- [MATERIAL FOR THIS EXERCISE]
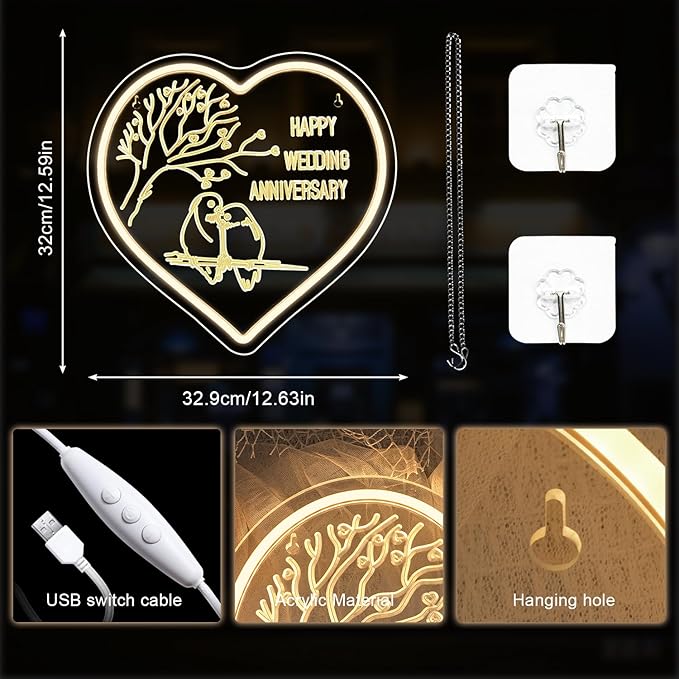 Lucunstar Wedding Neon Sign Happy Anniversary LED Sign for Wall Decor Warm White LED Light Love Signs Heart Decor in Wedding Party Bedroom Home Live Room Love Gifts for Couple in Anniversary Party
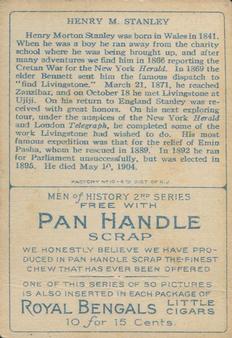 1911 American Tobacco Company Heroes of History / Men of History (T68) - Pan Handle Scrap #NNO Hon. Henry M. Stanley Back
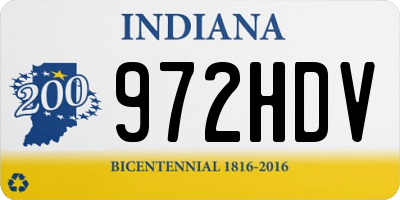 IN license plate 972HDV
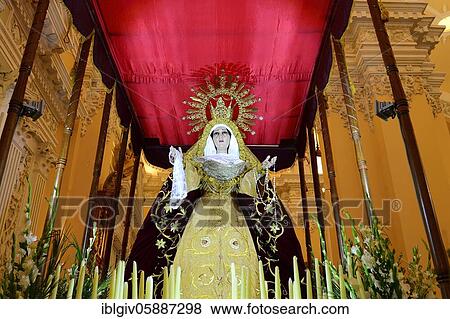 Stock Photo - Statue of the Virgin Mary, procession on Palm Sunday at the Plaza de Armas, Arequipa, Peru, South America. Fotosearch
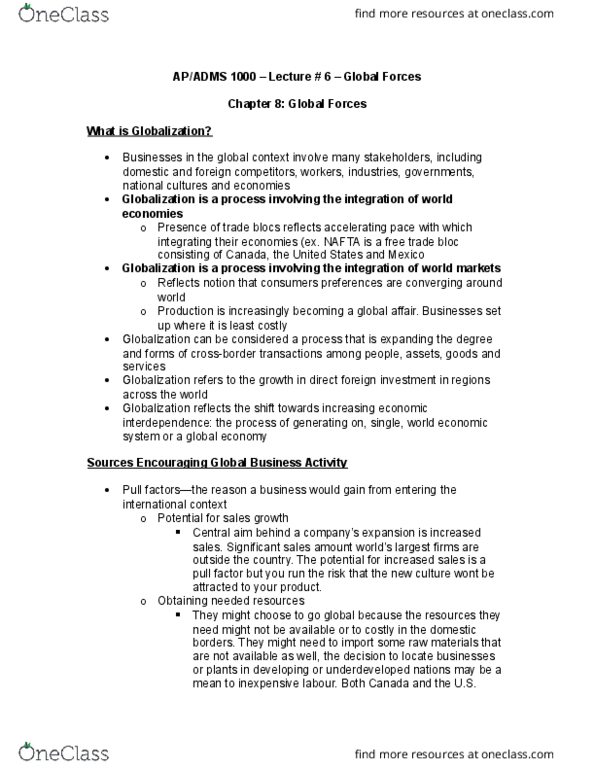 ADMS 1000 Lecture Notes - Lecture 7: Mercantilism, Absolute Advantage, Countervailing Duties thumbnail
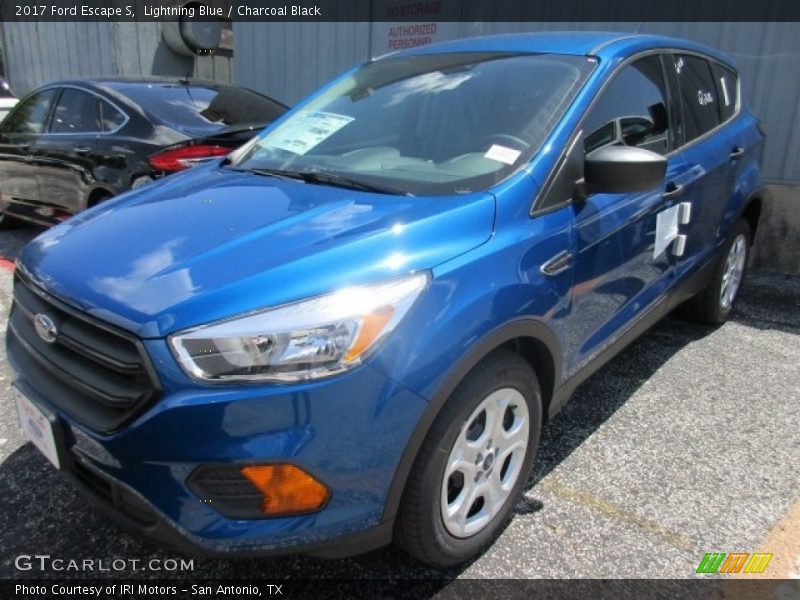 Lightning Blue / Charcoal Black 2017 Ford Escape S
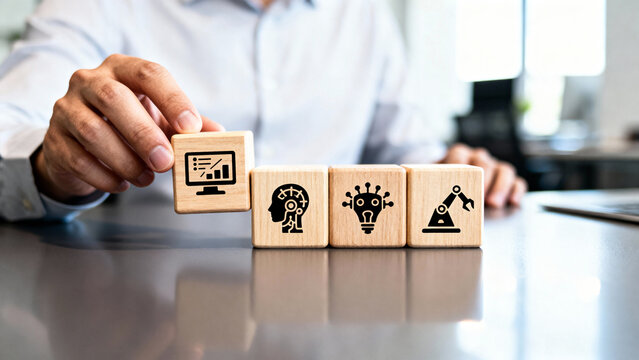 Businessman arranging wooden blocks with innovation, strategy, analytics and idea icons, business development and leadership concept  - Powered by Adobe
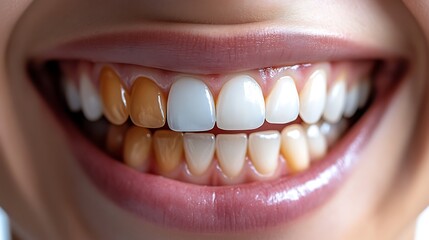 Obraz premium Close up image showing teeth whitening before and after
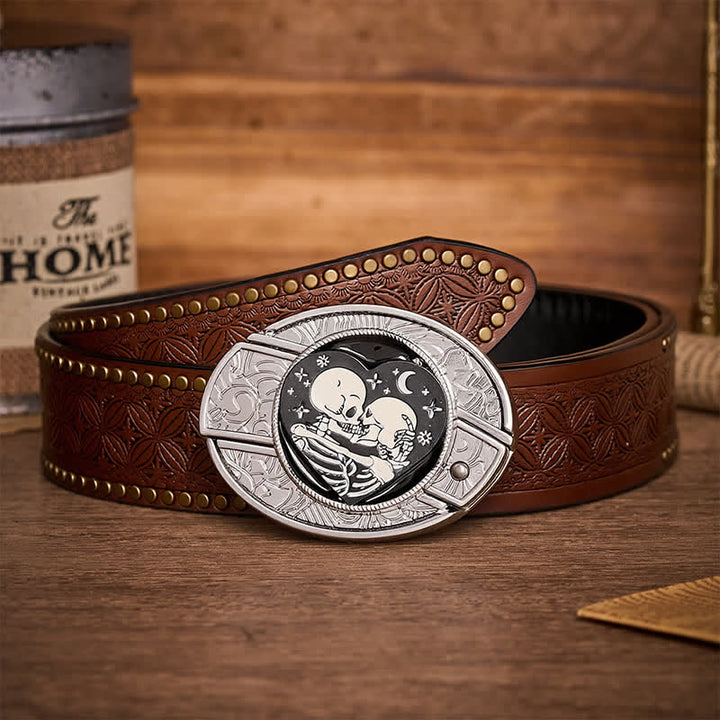 Gothic Hug Skeleton Lovers DIY Hidden Folding Knife Buckle Leather Belt - Skeleton Lovers - Brown Rivet Belt - 42 - image 4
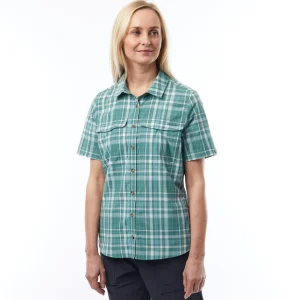 Women Rohan Women'S Pennine Shirt Short Sleeve Venice Green Check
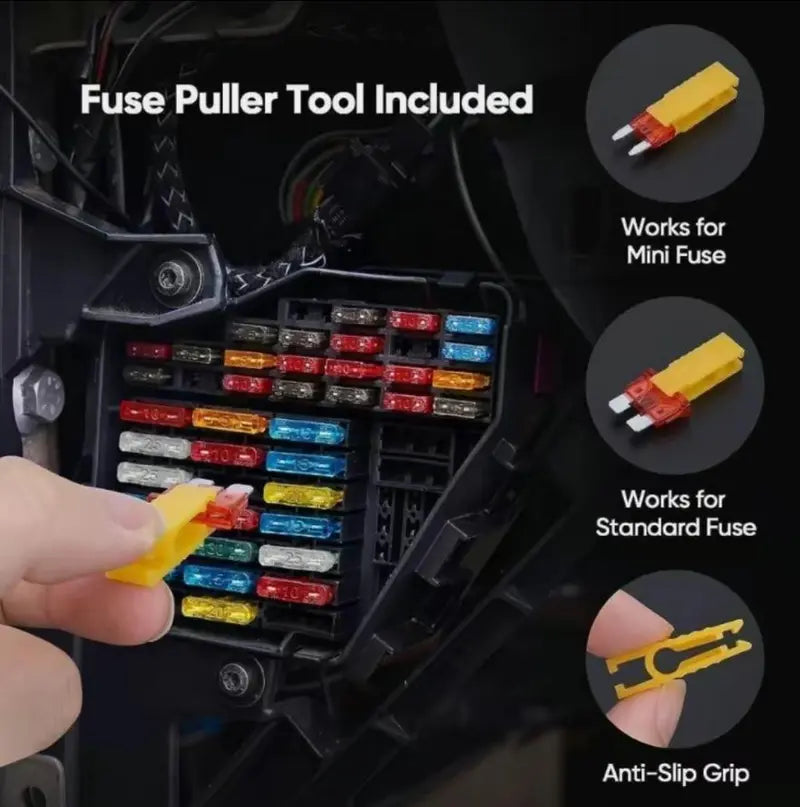 306PCS Car Blade Fuse Assortment Set – Automotive Replacement Fuse Kit with Fuse Puller & Circuit Tester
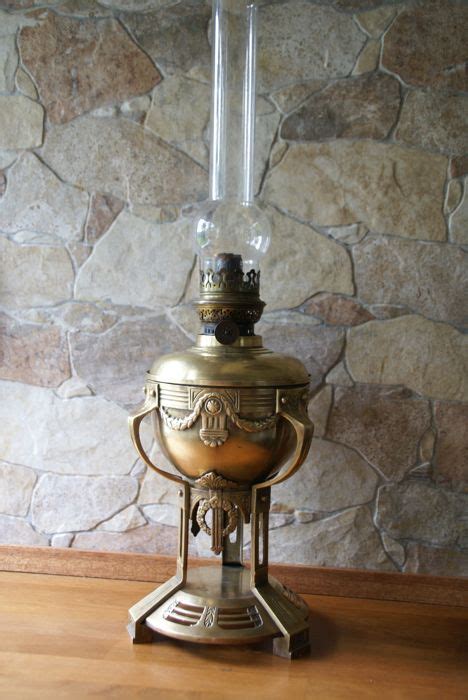 $175.0 antique kosmos brenner student lamp brass oil lamp original oil w/tank. Stylish bronze art nouveau oil lamp Cosmos Brenner, Berlin ...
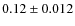 $0.12 \pm 0.012$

- [WHAT NEEDS TO BE DONE]
Could you print all the entries exactly as they stand, with the pictures left out?

- [EXERCISE RESULT]
 Lucunstar Wedding Neon Sign Happy Anniversary LED Sign for Wall Decor Warm White LED Light Love Signs Heart Decor in Wedding Party Bedroom Home Live Room Love Gifts for Couple in Anniversary Party
 1911 American Tobacco Company Heroes of History / Men of History (T68) - Pan Handle Scrap #NNO Hon. Henry M. Stanley Back
 IN license plate 972HDV
 Stock Photo - Statue of the Virgin Mary, procession on Palm Sunday at the Plaza de Armas, Arequipa, Peru, South America. Fotosearch
 ADMS 1000 Lecture Notes - Lecture 7: Mercantilism, Absolute Advantage, Countervailing Duties thumbnail
 Lightning Blue / Charcoal Black 2017 Ford Escape S
 Businessman arranging wooden blocks with innovation, strategy, analytics and idea icons, business development and leadership concept  - Powered by Adobe
 Obraz premium Close up image showing teeth whitening before and after
 Gothic Hug Skeleton Lovers DIY Hidden Folding Knife Buckle Leather Belt - Skeleton Lovers - Brown Rivet Belt - 42 - image 4
 Women Rohan Women'S Pennine Shirt Short Sleeve Venice Green Check
 306PCS Car Blade Fuse Assortment Set – Automotive Replacement Fuse Kit with Fuse Puller & Circuit Tester
 $175.0 antique kosmos brenner student lamp brass oil lamp original oil w/tank. Stylish bronze art nouveau oil lamp Cosmos Brenner, Berlin ...
 $0.12 \pm 0.012$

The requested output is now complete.